At that meeting with Wilson, there was no deferential pandering. Facing the president, the resolute Trotter stated, “We are not here as wards. We are not here as dependents.” Wilson took umbrage at Trotter’s outspokenness. Greenidge writes that “Wilson scolded Trotter like a plantation owner affronted.” With no intention of apologizing, Trotter asserted, “I am pleading for simple justice.”
Perhaps it came as no surprise to The Guardian’s editor that the first movie ever screened at the White House — during Wilson’s tenure — was “Birth of a Nation,” based on the Thomas Dixon novel “The Clansman.” The first major Hollywood blockbuster, it depicts the Ku Klux Klan saving the South and is a thoroughly racist film. It won Wilson’s enthusiastic approbation.
The book and film were unflinching propaganda for White supremacism. Dixon wrote “that the White man must and shall be supreme.” Of course, Trotter and others, Black and White, disagreed. When “Birth of a Nation” came to Boston, Trotter was in the forefront of protest. However, the outrage sparked by the film did not prevent it from being shown at the Tremont Theater starting on April 10, 1915. In terms of sheer cinematography and length — nearly four hours — nothing like it had been seen before. It had the unfortunate effect of nurturing the resurgance of the Klan throughout the country, even in New England. Another impact of the film, states Greenidge, was that Trotter’s protest campaign “set the stage for the increasingly transnational New Negro militancy of the 1917 National Race Congress, and the local fight against segregated state employment that this transnational militancy anticipated.”
This was the time of lynching. At the hands of malevolent White mobs, Black men, women and even children were subject to the most hideous violence. Hanging, mutilation and burning were widespread. In his effort to get a federal anti-lynching bill passed, Trotter told of the atrocity inflicted in Georgia on a pregnant Black woman named Mary Turner. Both Turner and her unborn child were violently killed. Greenidge writes: “Such rabid antiblack violence, Trotter insisted, was not anathema to American democracy, but a fundamental feature of it.” The bill never passed the Senate.

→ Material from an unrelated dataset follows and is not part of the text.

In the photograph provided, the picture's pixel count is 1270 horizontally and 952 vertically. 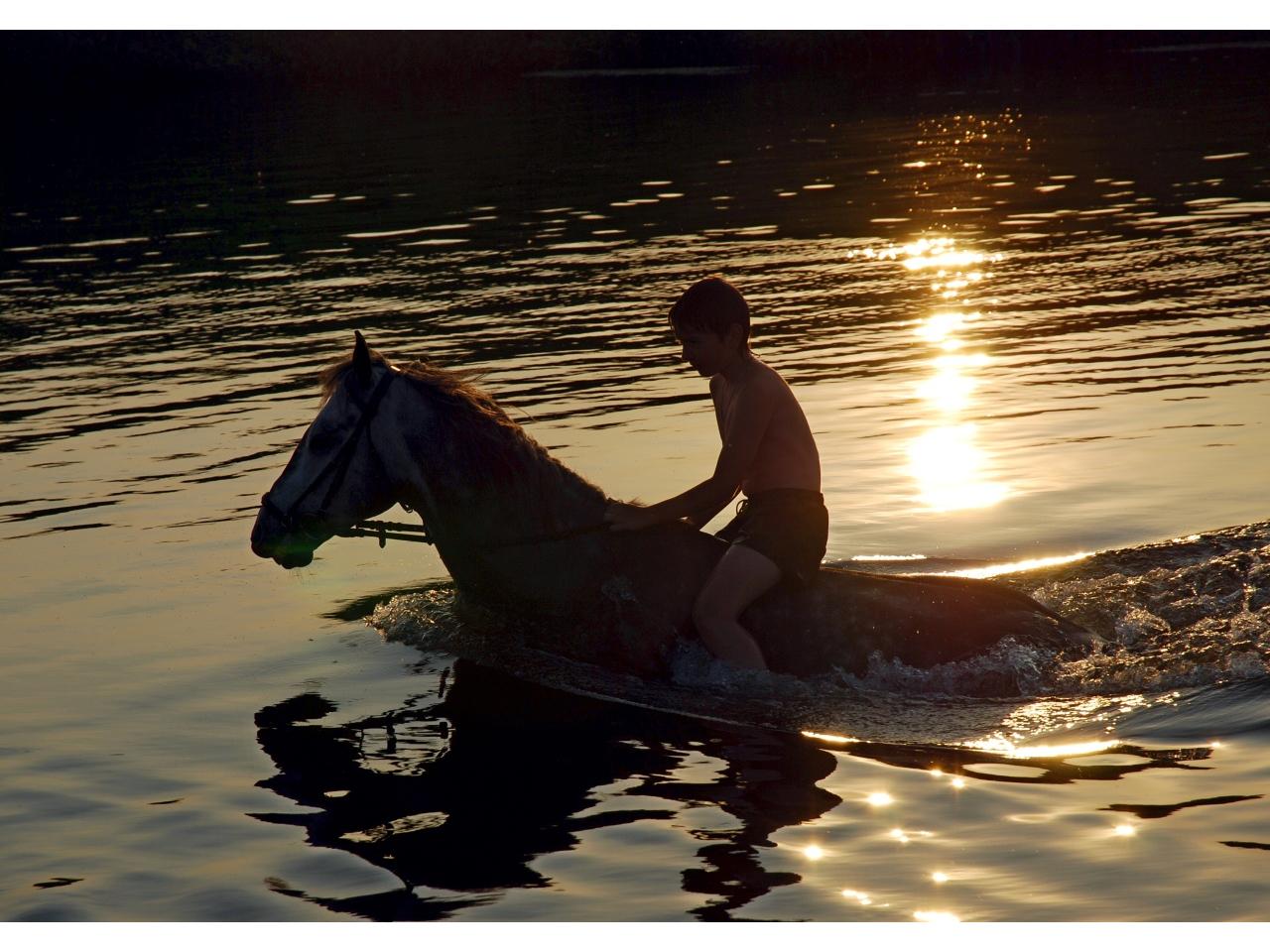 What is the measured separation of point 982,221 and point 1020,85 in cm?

As time went on, Trotter despaired that the unified movement of people of color that he desired did not happen. He would endorse more militant and leftist politics, such as the African Blood Brotherhood, urging oppressed people and their communities to arm themselves against the murderous brutality that for so long had victimized them. He gave his life and fortune to a cause never abandoned. In deteriorating health and impoverished, he either fell or jumped from a building in Boston on April 7, 1934, the day he turned 62.
Greenidge has penned a rich work about an extraordinary man and his time that resonates with our nation and world today. It is a fitting and challenging tribute to William Monroe Trotter that deserves wide readership.